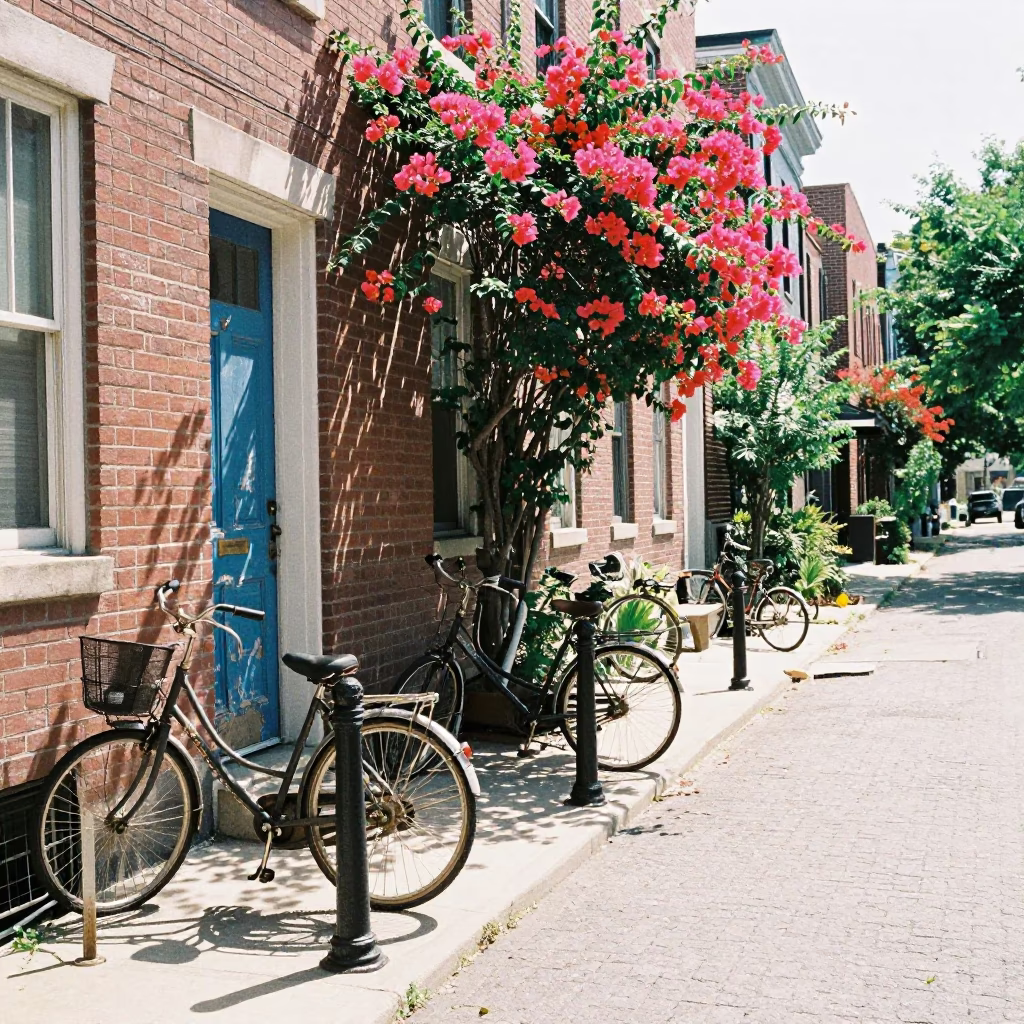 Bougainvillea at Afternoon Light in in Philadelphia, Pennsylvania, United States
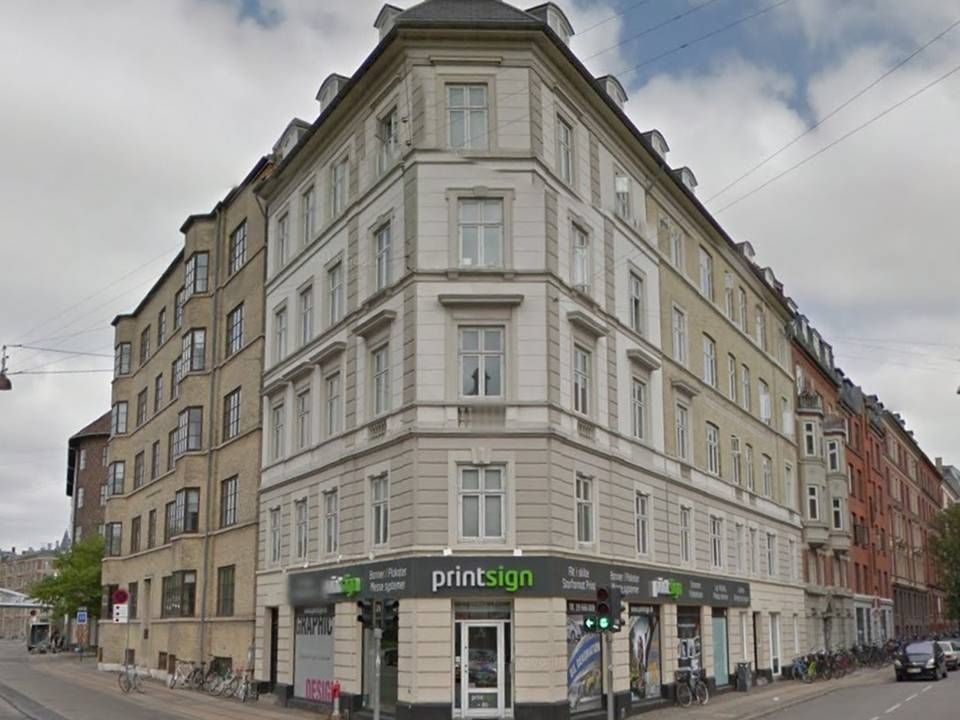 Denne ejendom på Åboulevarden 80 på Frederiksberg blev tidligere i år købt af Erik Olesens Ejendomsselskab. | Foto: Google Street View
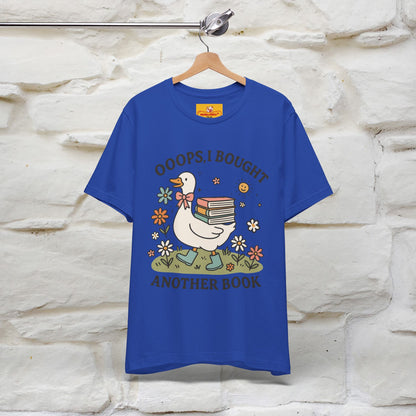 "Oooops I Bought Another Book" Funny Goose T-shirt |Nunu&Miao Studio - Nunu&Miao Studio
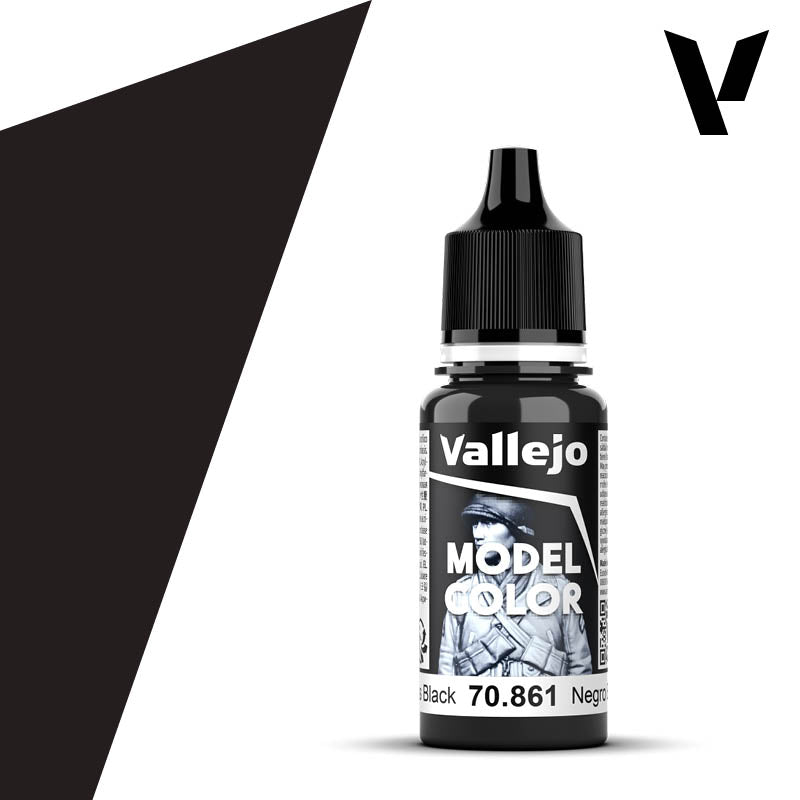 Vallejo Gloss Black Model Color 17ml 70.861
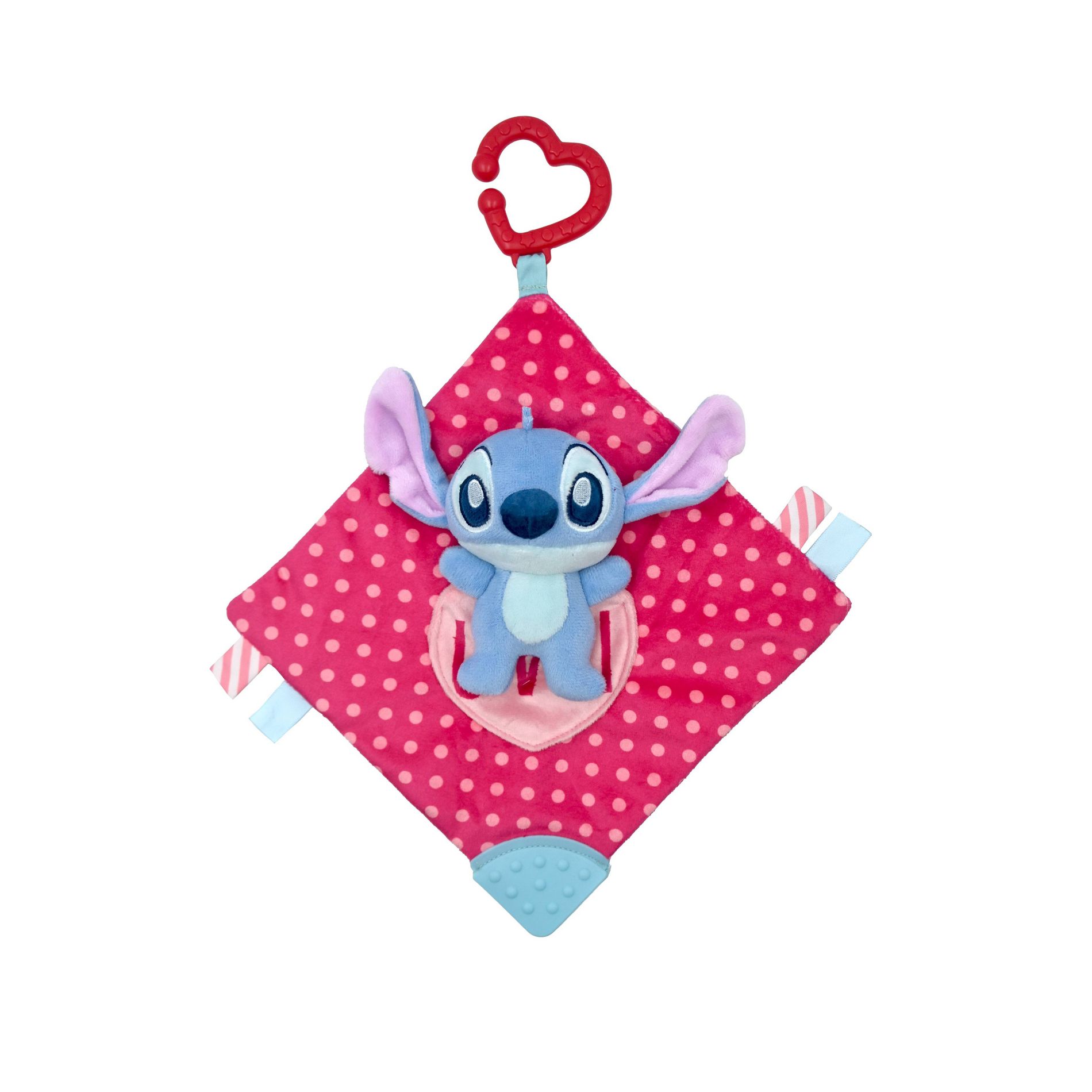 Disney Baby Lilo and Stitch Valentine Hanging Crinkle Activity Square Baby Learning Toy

+--

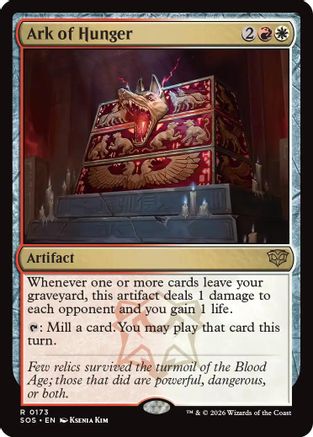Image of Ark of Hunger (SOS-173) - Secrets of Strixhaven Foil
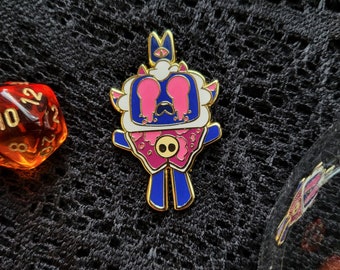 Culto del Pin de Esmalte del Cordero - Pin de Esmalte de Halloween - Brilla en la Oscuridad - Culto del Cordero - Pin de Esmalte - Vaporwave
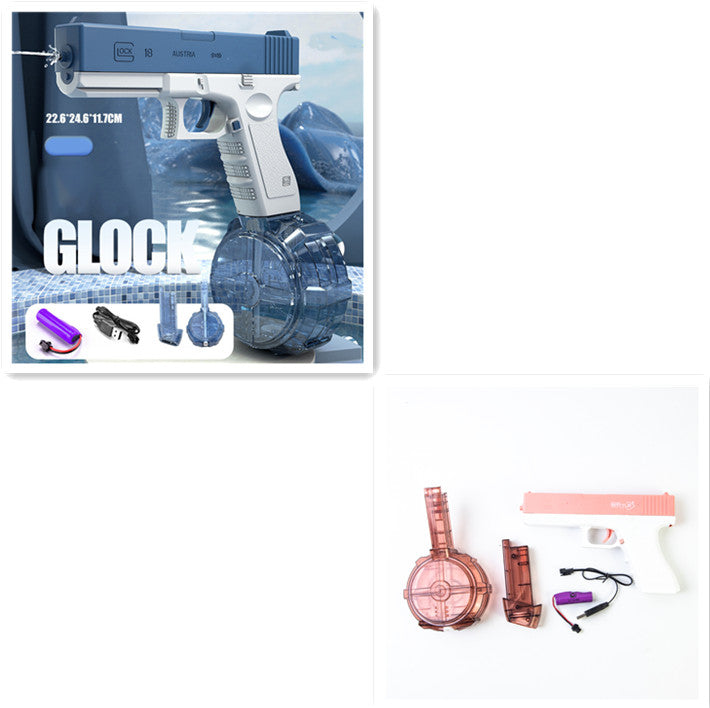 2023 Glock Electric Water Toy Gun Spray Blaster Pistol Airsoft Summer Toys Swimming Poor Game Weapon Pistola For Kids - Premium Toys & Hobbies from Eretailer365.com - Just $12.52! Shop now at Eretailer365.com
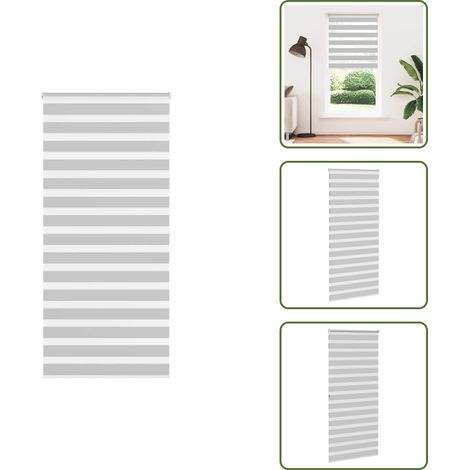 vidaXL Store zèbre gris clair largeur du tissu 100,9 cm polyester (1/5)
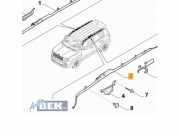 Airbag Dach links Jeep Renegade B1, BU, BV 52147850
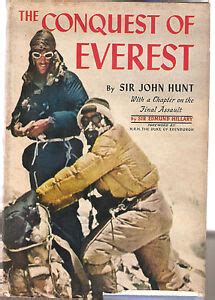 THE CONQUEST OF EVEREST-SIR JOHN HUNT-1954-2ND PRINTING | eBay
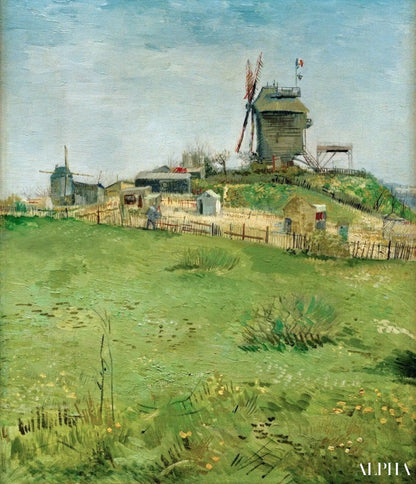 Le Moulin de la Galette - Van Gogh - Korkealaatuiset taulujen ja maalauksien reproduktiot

+--

Problem: Above are records with pictures. Reproduce exactly only the lines from the line with "Bougainvillea at Afternoon" through the line with "Vallejo Gloss Black Model Color 17ml 70.861", both ends included, and leave the pictures out.

Finished task:
 Bougainvillea at Afternoon Light in in Philadelphia, Pennsylvania, United States
 Denne ejendom på Åboulevarden 80 på Frederiksberg blev tidligere i år købt af Erik Olesens Ejendomsselskab. | Foto: Google Street View
 "Oooops I Bought Another Book" Funny Goose T-shirt |Nunu&Miao Studio - Nunu&Miao Studio
 Vallejo Gloss Black Model Color 17ml 70.861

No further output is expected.